**EXERCISE:** Reproduce the whole listing exactly, omitting any picture it holds.

**DATA BELOW:**

=== Begin Enclosure ===

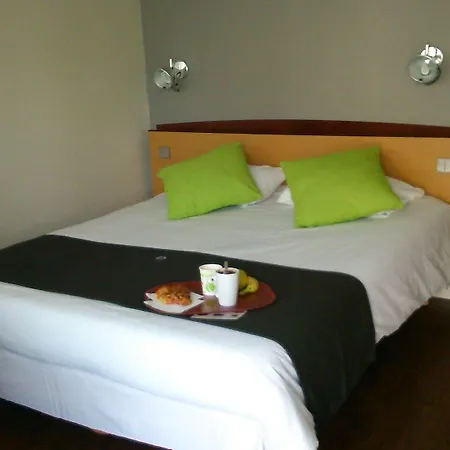 Hotel Restaurante Campanile De 3*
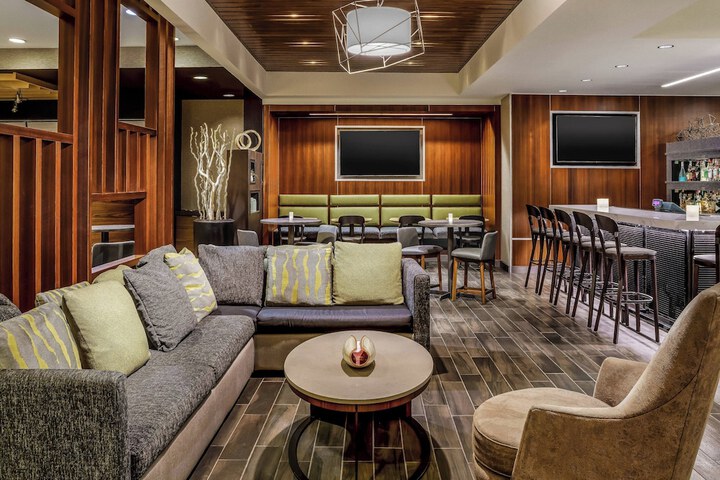 Lounge 33 of 39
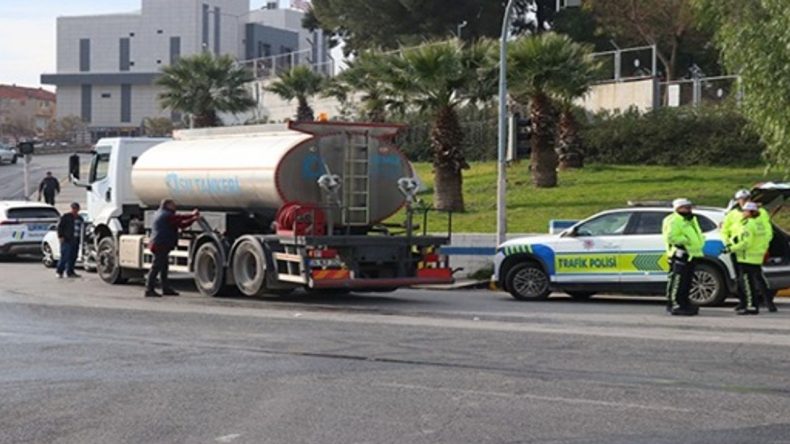 İZSU Tankeri Kontrolden &Ccedil;ıktı: 4 Ara&ccedil;ta Hasar Meydana Geldi!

=== End Enclosure ===

**ANSWER BOX:**
 Hotel Restaurante Campanile De 3*
 Lounge 33 of 39
 İZSU Tankeri Kontrolden &Ccedil;ıktı: 4 Ara&ccedil;ta Hasar Meydana Geldi!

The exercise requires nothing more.